Criteria to help prioritise traffic on city’s busiest roads accepted
12 May 2004
The Council is taking another step toward introducing public transport-priority measures on some of the city’s busiest routes. One of its committees has accepted the proposed criteria by which the citywide routes are to be selected.
The criteria accepted by the Sustainable Transport and Utilities Committee at its regular meeting yesterday will identify which routes first receive public transport-priority treatment.
The criteria will be used to identify routes where:
- bus arrival times along the route are unreliable
- bus delays relative to car trips put people off buses
- they are served by a number of bus routes
- there are high numbers of passengers on buses
- providing public transport priority may provide additional benefits for other road users.

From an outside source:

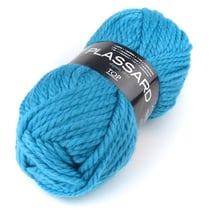 Top Bleu - Plassard - Pelote de fil à tricoter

Other factors that must be taken into account are road safety, practicality, impact on adjacent land uses, and ongoing maintenance and operational liabilities.
Council Transport Planner, Robert Woods, says bus-priority measures would help provide a more reliable, faster and convenient public transport system citywide that would offer a real alternative to many car trips. Council long-term aims are to encourage people to use public transport while discouraging single-person car travel.
Public transport priority measures are part of a Council Citywide Public Transport Priority Plan to have at least three corridors with priority in place by June, 2006. The Plan will outline how bus-priority corridors are to be developed, introduced and appropriately enforced.
The citywide plan should be presented for Council adoption in July, says Mr Woods, and part of this process will include consultation with community boards.